The problem lies with the age of the cast.  Leslie Howard was 43 when this was made and Norma Shearer was 34, far too old to be the adolescents of the story.  Howard takes this in stride, playing Romeo as a grown man.  However, I think Shearer suffers greatly. Apparently someone thought she could get away with playing a young girl.  Her performance is thus very mannered and simpering in the first part of the film.  After Juliet’s marriage to Romeo, Shearer suddenly begins playing her as a mature woman. Unfortunately, this means she pulls out all the stops overacting to an almost embarrassing extent.  John Barrymore, who was 57 and nearing the end of his creative life, doesn’t do himself any favors either.

On the night of the Los Angeles premiere, Shearer’s husband, MGM production head Irving Thalberg, died at age 37.

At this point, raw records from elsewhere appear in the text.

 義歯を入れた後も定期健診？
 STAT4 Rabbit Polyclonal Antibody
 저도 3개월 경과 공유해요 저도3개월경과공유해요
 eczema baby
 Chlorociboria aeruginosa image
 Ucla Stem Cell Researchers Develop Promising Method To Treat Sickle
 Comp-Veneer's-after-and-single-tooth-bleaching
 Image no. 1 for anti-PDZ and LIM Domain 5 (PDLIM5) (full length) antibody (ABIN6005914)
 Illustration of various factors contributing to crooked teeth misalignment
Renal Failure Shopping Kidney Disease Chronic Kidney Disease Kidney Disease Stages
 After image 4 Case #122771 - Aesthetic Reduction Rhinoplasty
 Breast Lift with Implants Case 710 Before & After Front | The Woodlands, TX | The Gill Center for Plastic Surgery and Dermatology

http://www.youtube.com/watch?v=5D6BxQwYQ4I

Trailer

 

Mayerling (1936)

Mayerling
Directed by Anatole Litvak
Written by Marcel Archard, Joseph Kessel and Irma von Cubed based on a novel by Claude Anet
1936/France
Nero Films

First viewing

 

[box] The Archduke Rudolf, Crown Prince of Austria, Hungary and Bohemia (21 August 1858 – 30 January 1889) was the son and heir of Emperor Franz Joseph I of Austria and Empress Elisabeth of Austria. His death, apparently through suicide, along with that of his mistress, Baroness Mary Vetsera, at his Mayerling hunting lodge in 1889 made international headlines, fueled international conspiracy rumours and ultimately may have sealed the long-term fate of the Habsburg monarchy.[/box]

This romantic biopic made an international star out of Charles Boyer and features an exquisite performance by the 19-year-old Danielle Darrieux.

Progressive-thinking Archduke Rudolf is surrounded by spies sent by his enemies in the conservative Hapsburg monarchy.  He attempts to assuage his boredom in debauchery but that is scant comfort.  One day at an amusement park, he meets 17-year-old Maria Vetsera and is captivated by her innocence.  She develops a grand passion for him and they meet secretly until the Emperor calls an end to their tryst.  Their fate may have changed history.

I liked this a lot.  Boyer and Darrieux also played the leads in one of my favorite films, The Earrings of Madame de … (1953), and are equally fine here.  Darrieux is the kind of actress that can express volumes with her eyes and was enchanting as a girl in the throes of first love. Boyer may never have been handsomer.  The film contains many good set pieces such as the scene at the ballet and a royal gala ball.  Litvak keeps his camera moving delightfully.  Recommended.